Just when the world thought the Cold War wasn't going to get any colder, this happens. Only twelve days earlier, Hungary went through something of an upheaval with anti-Soviet riots springing up all over the country and a return to power of Imre Nagy (pronounced: Imray Nahj), the moderate who was ousted by pro-Soviet Premier Andras Hegedus in 1955.

So on the morning of November 4th, 1956 when you fell out of bed, it sounded like this:

Bob Pfeiffer (CBS News announcer): “ The latest word from Budapest is that Soviet armored forces seized Budapest in a surprise attack today and captured the government of Premier Imre Nagy. According to communications from Vienna the last words at 8:24 am from the . . .one of the news bureaus in Vienna was – ‘we shall leave our post, we shall leave our post’, according to the Budapest operator ‘goodbye friends, goodbye friends.

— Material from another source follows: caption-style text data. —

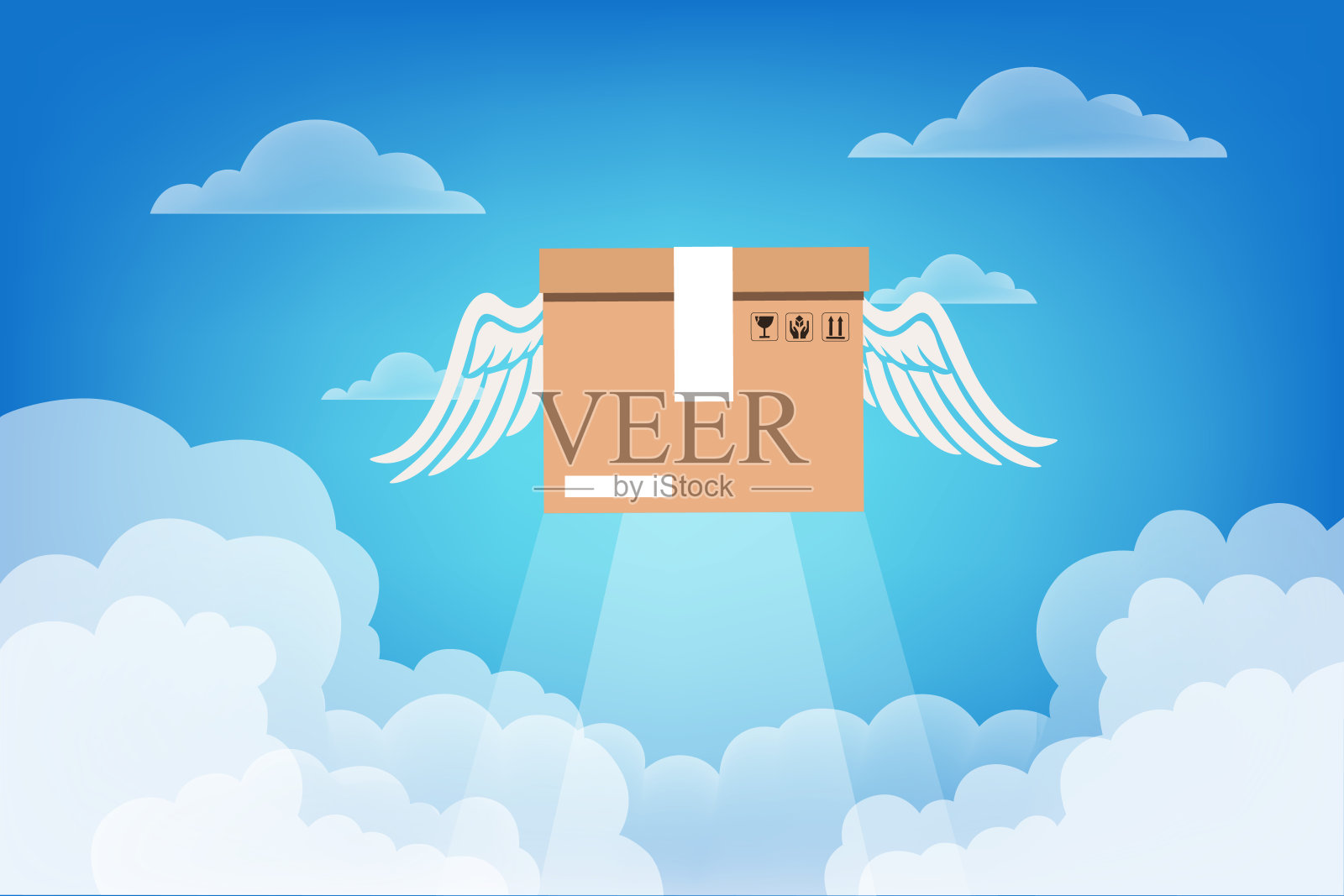 快速服务:航空运输是将产品送到世界各地客户手中的一种方式。插画图片素材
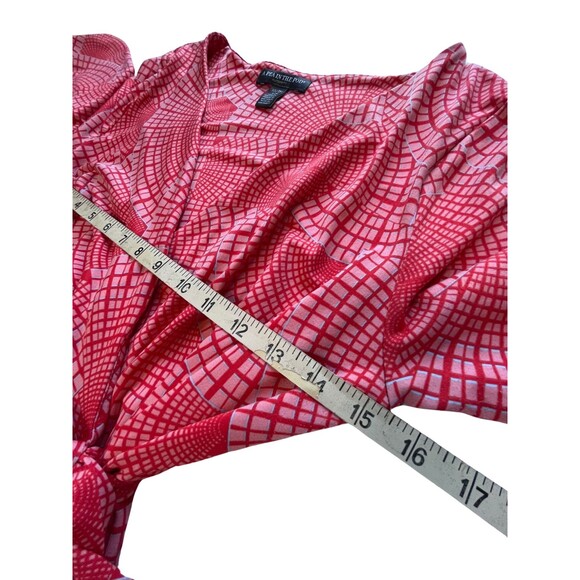 Pea in the Pod Maternity Wrap Dress Red White Geometric V-Neck‎ 3/4 Sleeves XS - Picture 5 of 15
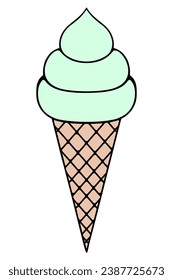 Eskimo in a waffle cone. Green ice cream with three layers. Color vector illustration. Isolated background. Cartoon style. Sweet refreshing dessert. Idea for menu, web design.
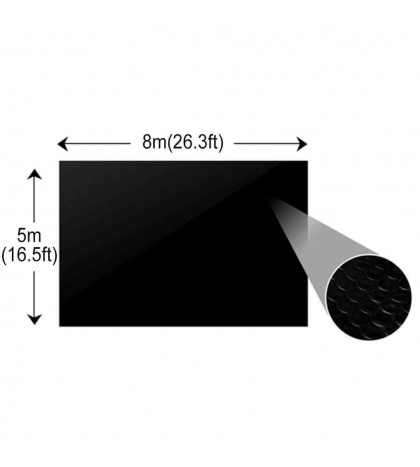 Floating Rectangular PE Solar Pool Film 33 x 16.5 ft Black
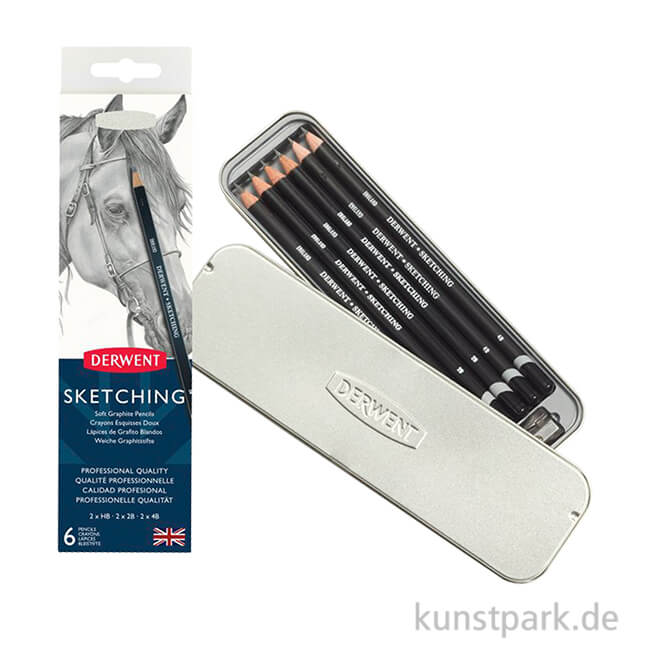 Artikelbild 1 des Artikels “Derwent SKETCHING, 6 Graphitstifte mit Anspitzer im Metalletui “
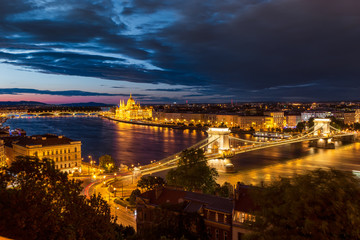 Fototapeta na wymiar Budapest at night / Amazing night view above Hungarian Parliament in Budapest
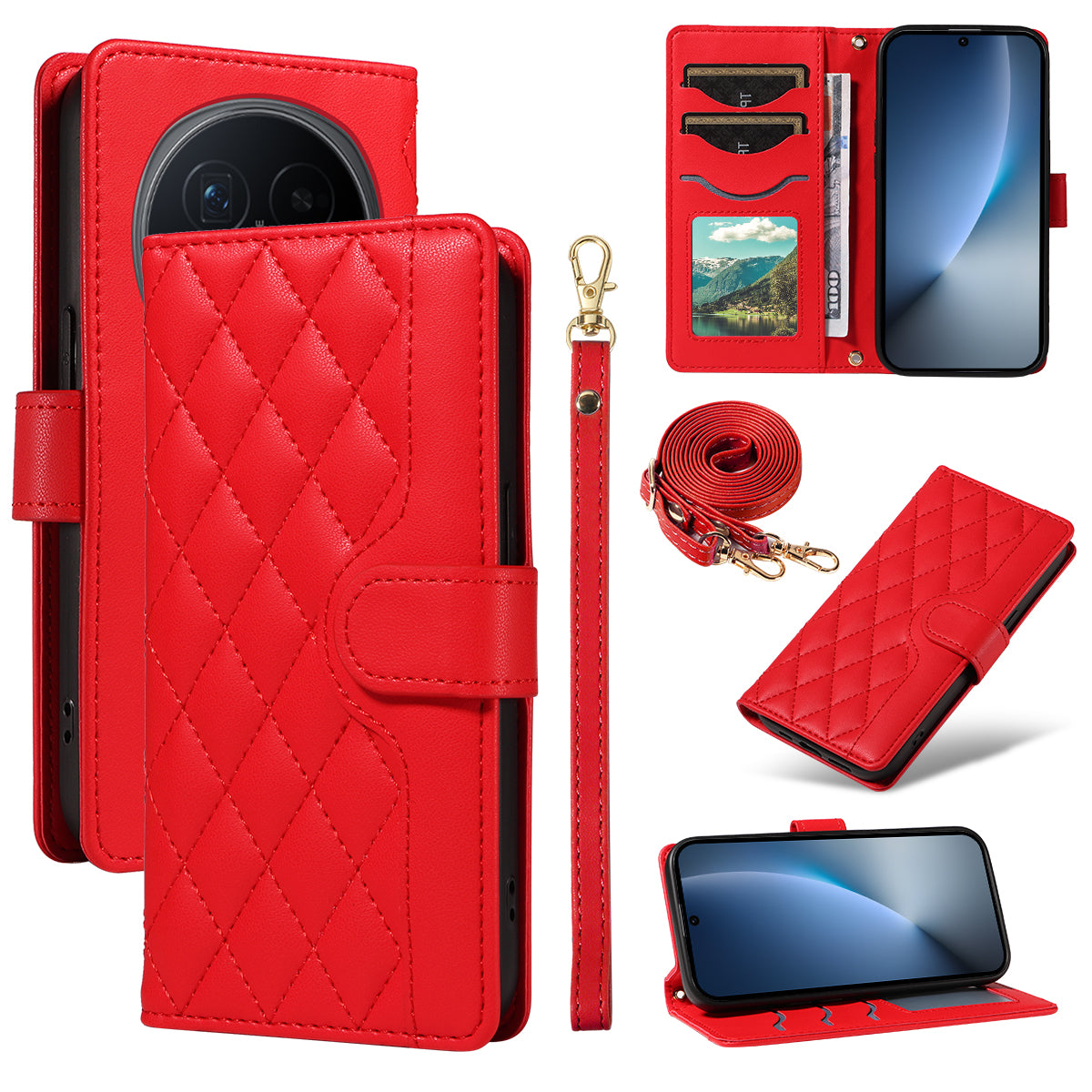 For Honor Magic8 5G Wallet Case Rhombus Leather Phone Cover with Strap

God save our souls, the Russians are too near’. And then the line from Budapest went dead. Repeating – the Soviet armored forces seized Budapest in a surprise attack today and captured the government of Premier Imre Nagy.”

The Russian army quickly captured Budapest and within days the revolt was crushed and the pro-Soviet hardline regime of Janos Kadar was installed. Hungary would slip back into the Soviet Bloc and not really re-emerge until the collapse of the Soviet Union some 30 years later.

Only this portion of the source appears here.